While he resigned as fire chief without controversy last fall, District Attorney Danny Newell tells KSLA Investigates that Conley is in a pretrial diversion program.

Newell would not specify the crime or crimes Conley possibly committed, only saying that charges are pending while Conley works to pay thousands of dollars in restitution.

It’s a case that might not ever have come to light if not for Rose Jackson, a whistleblower who did her own digging into the fire district’s finances.

Jackson, who spends most of her days in Bienville Parish working for Shady Grove Recreational District, filed a series of public records requests after learning that Conley suddenly stepped down as fire chief in August.

According to a report in The Bienville Democrat, citing public records from the fire district’s governing board, Conley resigned “due to being exhausted and having a new job.”

Jackson had her doubts about that explanation and spent the next few months looking over receipts from purchases Conely allegedly made using a fire district debit card.

“I have the bank statements that says ATM debit card and receipts. From January 2017 until August 2018.”

Finding receipts among the financial documents for purchases she thought questionable, including The Tire Rack, House of Flowers, Superior’s Steakhouse and 2 Johns Steak & Seafood.

Jackson says she gave her binder of financial records to the Bieneville Parish Sheriff’s Office.

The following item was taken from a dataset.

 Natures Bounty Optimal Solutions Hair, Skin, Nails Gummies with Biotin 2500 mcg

While law enforcement authorities won’t discuss the matter, Newell tells KSLA Investigates that an investigation into Conley’s use of the fire district’s debit card raised issues of possible criminal conduct.

“I’m not going to get into the definition of theft, it’s an ongoing case. But money was definitely misused.”

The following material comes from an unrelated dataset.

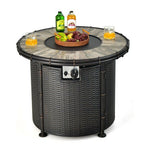  - 32 Inch Patio Round 30000 BTU Propane Fire Pit Table with Fire Glasses and PVC Cover - Outdoor Style Company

But instead of charging Conley with a crime, the district attorney says he offered the former fire chief pretrial diversion.

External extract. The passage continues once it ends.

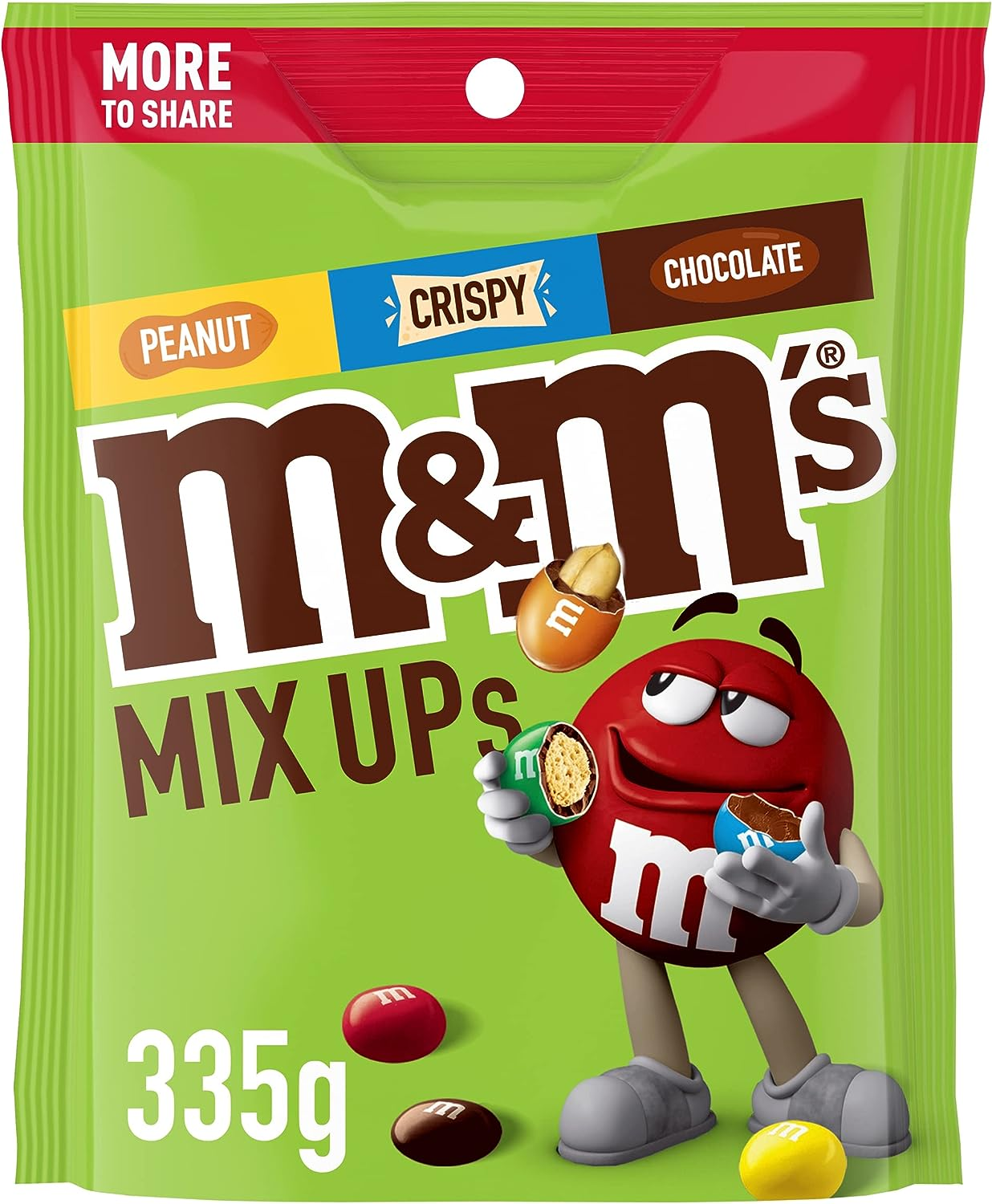 M&M’S Mix Up’S (Milk Chocolate, Peanut, Crispy) Large Bag, 335G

It is a program that allows Conley to avoid arrest and a criminal record if he meets with the district attorney’s counselor once a month and repays every dime of the public’s money he allegedly misused.

“Before law enforcement got involved, he was repaying money,” Newell says. "And I think it was somewhere around $13,000; and he has since paid it down to close to $8,000.”

That pretrial diversion deal infuriates Jackson.

"It’s not right,” she says, stating that she thinks Conley is getting off easy because he’s a public official.

“Why should he get a sweetheart of a deal?”

The district attorney denies Jackson’s claim that Conley is getting preferential treatment because he is a former fire chief.

“I’ve never met Patrick Conley in my life,” Newell says. "This case was handled like every other case.”

The district attorney says he’s offered the same deal to other first-time felony offenders, including some of whom were accused of taking more money than Conley allegedly misused.

“We’ve offered diversion to roughly 15 people since I took office for theft,” Newell tells KSLA Investigates. “It’s just a super-efficient way of allowing a first-time offender to avoid a criminal record and pay restitution and to make the victim whole.”

KSLA investigates tried calling Conley multiple times, hoping to speak about the case.

While no one answered the cell number KSLA Investigates has for the former fire chief, Newell says everyone in his pretrial diversion program has criminal charges pending against them.

So according to the district attorney, Conley is not free of legal trouble just yet.

“If he doesn’t make it through the program, he’ll be prosecuted. If he gets new charges, he’ll be prosecuted.”

Regardless of whether Conley completes pretrial diversion and repays all the money, Jackson says she is not satisfied that justice is getting served.

So she’s launching a grass-roots campaign to get some members of the fire district’s board removed from their posts.

Elected officials in Bienville Parish appoint the board members.

Jackson believes those members should be held accountable for Conley’s questionable spending and lose their positions of power.